# Aim of the task
Which lines in the entries below contain the string "メルカリ"? Show each of them in full.

"""

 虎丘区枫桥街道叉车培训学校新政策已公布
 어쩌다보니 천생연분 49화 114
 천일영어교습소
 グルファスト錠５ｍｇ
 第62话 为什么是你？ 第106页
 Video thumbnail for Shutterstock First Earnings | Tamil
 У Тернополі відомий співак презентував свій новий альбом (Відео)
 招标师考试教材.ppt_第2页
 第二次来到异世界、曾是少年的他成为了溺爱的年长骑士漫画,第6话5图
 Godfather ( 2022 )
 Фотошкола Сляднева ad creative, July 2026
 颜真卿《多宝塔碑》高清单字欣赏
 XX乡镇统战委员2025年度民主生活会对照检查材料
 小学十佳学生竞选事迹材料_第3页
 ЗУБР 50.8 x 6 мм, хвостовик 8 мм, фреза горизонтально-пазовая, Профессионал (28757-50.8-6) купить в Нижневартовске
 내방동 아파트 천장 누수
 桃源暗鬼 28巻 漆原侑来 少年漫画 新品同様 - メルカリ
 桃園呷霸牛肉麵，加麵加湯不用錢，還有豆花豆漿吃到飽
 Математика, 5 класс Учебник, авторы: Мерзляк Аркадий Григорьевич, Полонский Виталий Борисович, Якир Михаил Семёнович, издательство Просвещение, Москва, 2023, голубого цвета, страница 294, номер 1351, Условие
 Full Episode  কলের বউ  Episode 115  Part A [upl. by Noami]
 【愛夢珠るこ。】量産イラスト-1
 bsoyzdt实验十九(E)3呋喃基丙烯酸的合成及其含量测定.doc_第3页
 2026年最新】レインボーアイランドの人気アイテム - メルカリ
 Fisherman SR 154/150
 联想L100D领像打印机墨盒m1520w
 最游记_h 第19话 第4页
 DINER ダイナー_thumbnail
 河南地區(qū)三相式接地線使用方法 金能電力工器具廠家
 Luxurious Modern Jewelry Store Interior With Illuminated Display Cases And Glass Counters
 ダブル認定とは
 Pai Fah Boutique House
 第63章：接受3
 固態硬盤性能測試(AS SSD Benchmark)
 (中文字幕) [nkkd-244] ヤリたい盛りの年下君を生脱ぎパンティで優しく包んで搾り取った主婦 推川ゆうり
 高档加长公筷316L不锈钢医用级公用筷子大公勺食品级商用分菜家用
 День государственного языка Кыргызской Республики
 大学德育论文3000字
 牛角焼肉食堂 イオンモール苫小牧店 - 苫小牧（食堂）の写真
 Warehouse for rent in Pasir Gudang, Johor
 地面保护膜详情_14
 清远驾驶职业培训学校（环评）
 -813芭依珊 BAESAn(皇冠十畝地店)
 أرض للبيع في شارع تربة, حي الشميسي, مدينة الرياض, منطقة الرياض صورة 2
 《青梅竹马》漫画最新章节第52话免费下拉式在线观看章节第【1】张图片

"""

# Solution for this problem
 桃源暗鬼 28巻 漆原侑来 少年漫画 新品同様 - メルカリ
 2026年最新】レインボーアイランドの人気アイテム - メルカリ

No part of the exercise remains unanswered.